Maara // Ultimate Reward

It’s refreshing, if not exactly surprising, to know you can still stumble across a label in 2021 and get that tingling feeling of discovering something fully formed. NAFF had escaped me up until now, and it was a buzz to discover a back catalogue with a bold, ear-snagging identity and a notably high benchmark for quality. The label was on a throwback early 90s steer when it started out three years go, juggling deepest house and smatterings of trancey throb with a certain presence and charm that keeps it on the right side of a very fine line.

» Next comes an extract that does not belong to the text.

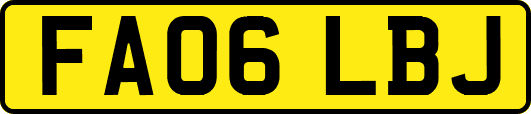 FA06LBJ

But in a short space of time a much wilder character has emerged, not least in the deliciously produced, braindance-minded albums from label founders Ex-Terrestrial and Priori. Add a stunning, smudged-out dub techno excursion from URA into last year’s overlooked gems, and the Canadian label has quietly edged itself into a space as one of the freshest outposts for dazzling, inventive electronics.

Following on the heels of Ambien Baby’s deadly, jungle-techno oriented Mind Kiss EP, the label maintains a lean towards faster club tracks. This is Montreal-based producer Maara’s first release, and it demands your attention from the off. The trippy sensibility that typifies a lot of NAFF output is still present, even as ‘Ultimate Reward’ canters along at 140 with a pervasively dark demeanour. Wigged-out slithers of sound dart around the linear thrust of the track, but they’re tastefully placed to add to the mystery rather than divert from it.

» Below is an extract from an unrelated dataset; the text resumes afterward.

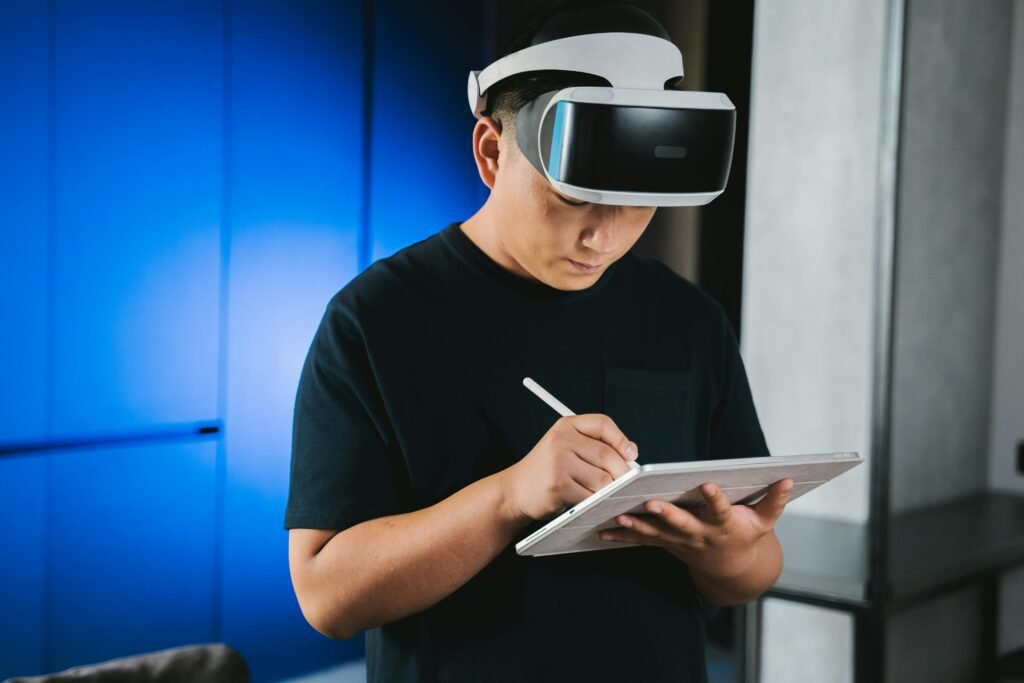 AI tools improving focus and efficiency in professional life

There’s a hi-tech polish to the production throughout, in stark opposition to trendy distortion and arch lo-fi – not that there’s anything wrong with that, of course. ‘Der She Goes’ shimmers with the kind of glossy sound field you’d associate more with psytrance – hyper produced and engineered to the nth degree. The difference here is the polish is applied to compositions dealing in left of centre club gear and richly rendered electronica, and it sounds incredible. It’s dubby and moody, populated by breathless sprites floating in the mix, and made with a soundsystem ethic for heads down dancers. But it’s also totally upfront and made to be noticed, and therein lies the charm of Maara’s knockout debut.